What this task involves> Copy out exactly, and only, the lines from the one containing "Ajuste de velocidad" through the end of the entries. No pictures.

Records from a data collection:
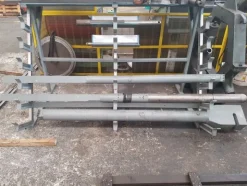 6#5252 Pinze per lamiere Topal Industries e minuterie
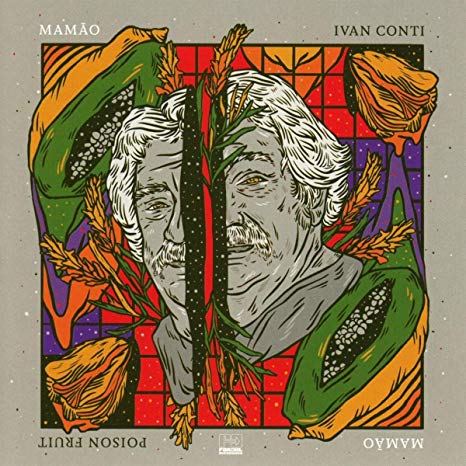 Ivan Conti - Poison Fruit - CD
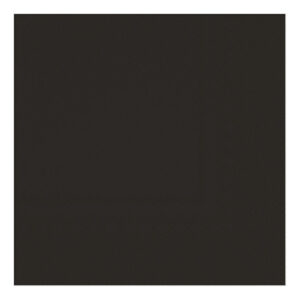 DISPLAY 12 PACKS 30 SERVILLETAS NEGRO
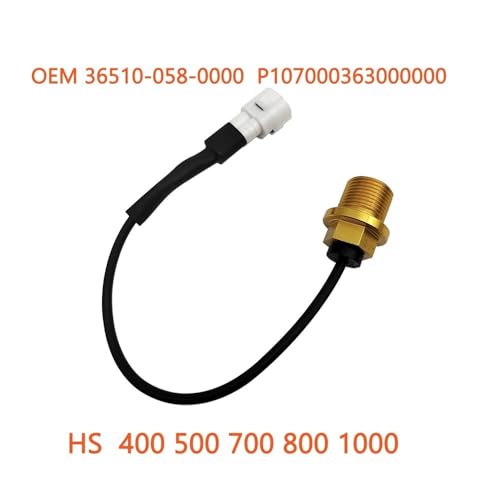 Ajuste de velocidad Hisun 500 700 de repuesto original 36510-058-0000 para ATV 2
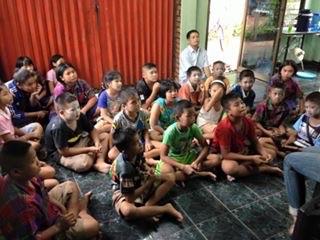 คริสตจักรบ้านนาโพธิ์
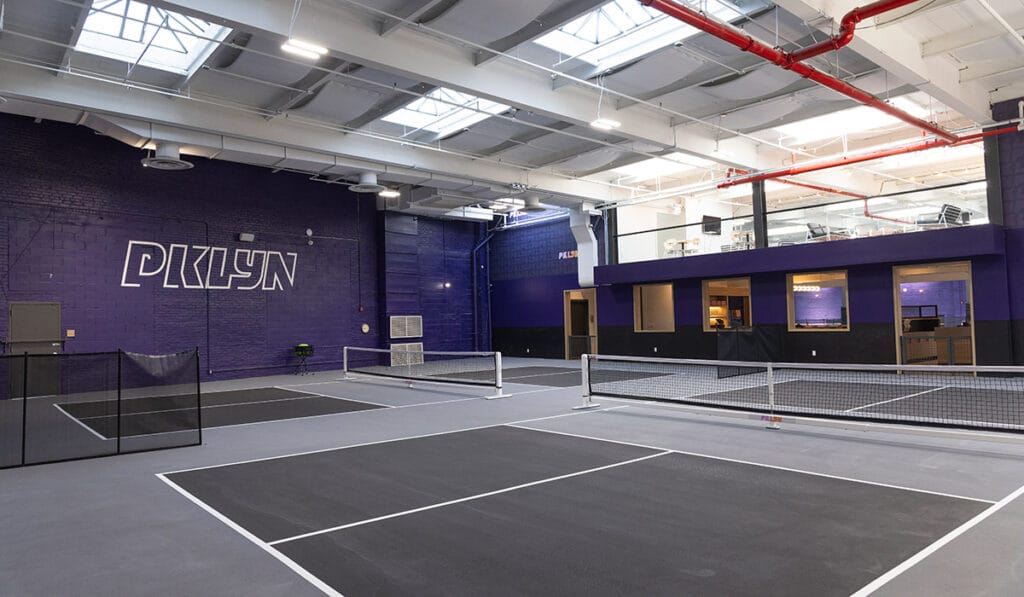 PKLYN Pickleball Club 3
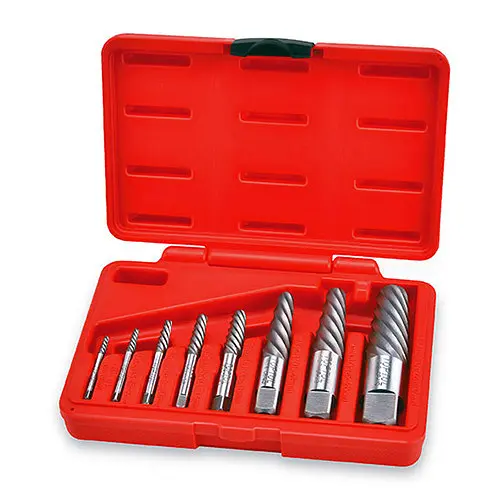Набір екстракторів (1/8-1/4", M3-M32) 8 од. TOPTUL JGAI0805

Solution to this problem>
 Ajuste de velocidad Hisun 500 700 de repuesto original 36510-058-0000 para ATV 2
 คริสตจักรบ้านนาโพธิ์
 PKLYN Pickleball Club 3
Набір екстракторів (1/8-1/4", M3-M32) 8 од. TOPTUL JGAI0805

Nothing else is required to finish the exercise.